> [WHAT YOU WILL DO] Of the lines listed below, return exactly those that run from the line containing "專利代理師正式列入《國家職業(yè)資格目錄（2021年版）》！" through the line containing "POVPREČJE :: Soča", both included.

> [RECORDS FOR PROCESSING]
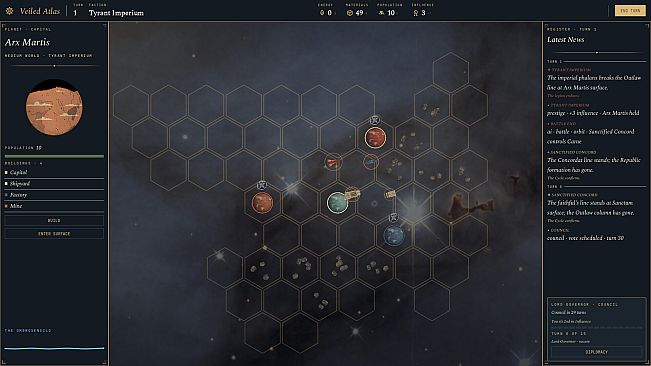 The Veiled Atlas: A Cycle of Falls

...

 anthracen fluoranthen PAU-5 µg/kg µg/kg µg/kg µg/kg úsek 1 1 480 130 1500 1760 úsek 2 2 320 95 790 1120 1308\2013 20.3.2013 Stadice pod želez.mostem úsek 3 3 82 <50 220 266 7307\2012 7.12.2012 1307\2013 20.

==

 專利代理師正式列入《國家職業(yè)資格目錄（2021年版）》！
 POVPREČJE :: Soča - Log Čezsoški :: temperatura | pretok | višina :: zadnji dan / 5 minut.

> [RESPONSE TO THIS EXERCISE]
 專利代理師正式列入《國家職業(yè)資格目錄（2021年版）》！
 POVPREČJE :: Soča - Log Čezsoški :: temperatura | pretok | višina :: zadnji dan / 5 minut.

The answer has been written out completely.